Zhang Xiao, Liu Xia, Yang Yanyan
Department of Applied Mathematics, School of Sciences, Xi'an University of Technology, Xi'an 710048, China.
Department of Automation, Tsinghua University, Beijing 100084, China.
Entropy (Basel). 2018 Oct 13;20(10):788. doi: 10.3390/e20100788.
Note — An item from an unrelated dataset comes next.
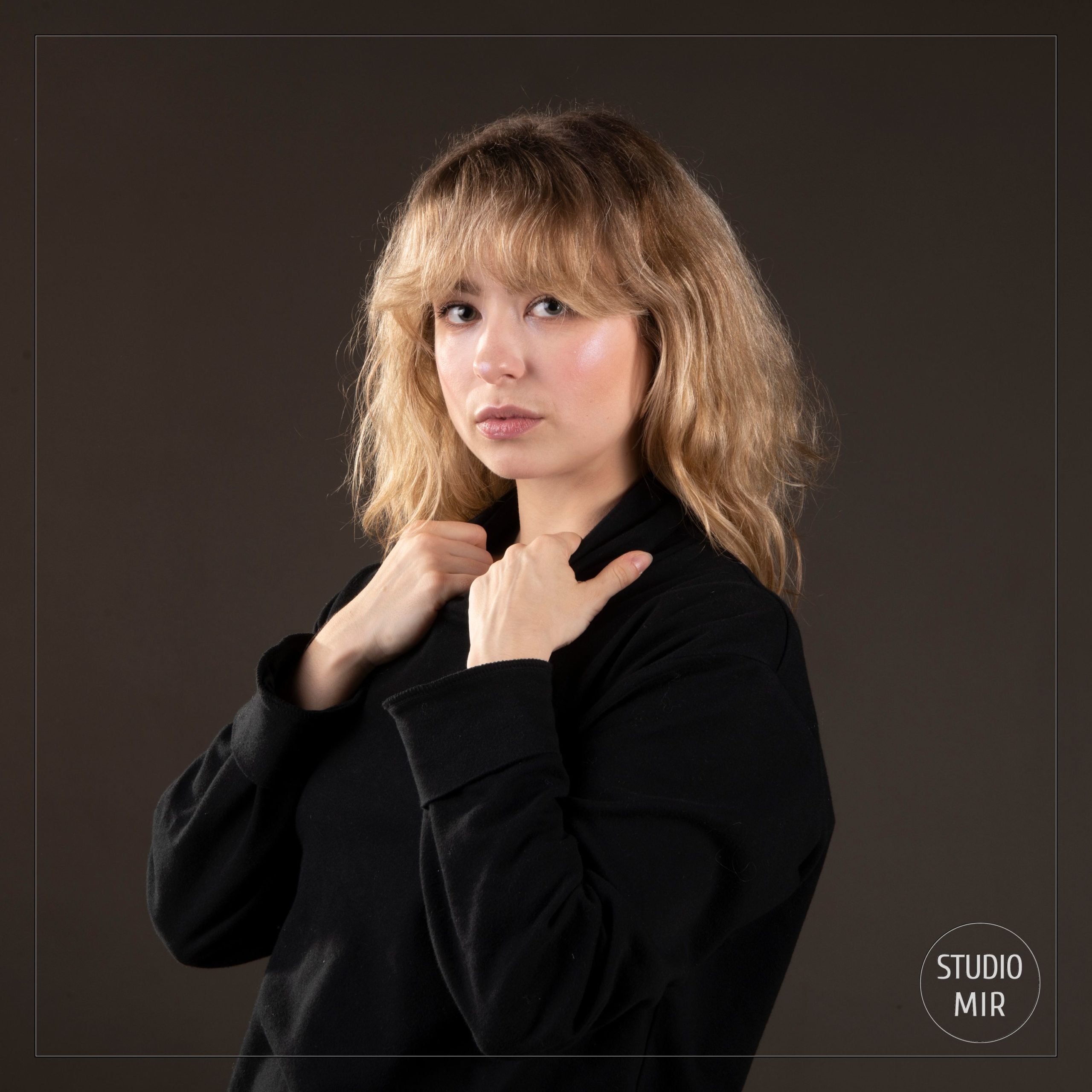 studio photo professionnel près de Paris: séance photo femme sur décor sombre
The information entropy developed by Shannon is an effective measure of uncertainty in data, and the rough set theory is a useful tool of computer applications to deal with vagueness and uncertainty data circumstances. At present, the information entropy has been extensively applied in the rough set theory, and different information entropy models have also been proposed in rough sets. In this paper, based on the existing feature selection method by using a fuzzy rough set-based information entropy, a corresponding fast algorithm is provided to achieve efficient implementation, in which the fuzzy rough set-based information entropy taking as the evaluation measure for selecting features is computed by an improved mechanism with lower complexity. The essence of the acceleration algorithm is to use iterative reduced instances to compute the lambda-conditional entropy. Numerical experiments are further conducted to show the performance of the proposed fast algorithm, and the results demonstrate that the algorithm acquires the same feature subset to its original counterpart, but with significantly less time.
香农提出的信息熵是衡量数据不确定性的一种有效方法,而粗糙集理论是计算机应用中处理模糊和不确定性数据情况的有用工具。目前,信息熵已在粗糙集理论中得到广泛应用,并且在粗糙集中也提出了不同的信息熵模型。本文基于现有的利用模糊粗糙集信息熵的特征选择方法,提供了一种相应的快速算法以实现高效执行,其中以模糊粗糙集信息熵作为特征选择的评估度量,通过一种复杂度较低的改进机制进行计算。加速算法的本质是使用迭代约简实例来计算λ条件熵。进一步进行了数值实验以展示所提出快速算法的性能,结果表明该算法获得了与原始算法相同的特征子集,但时间显著减少。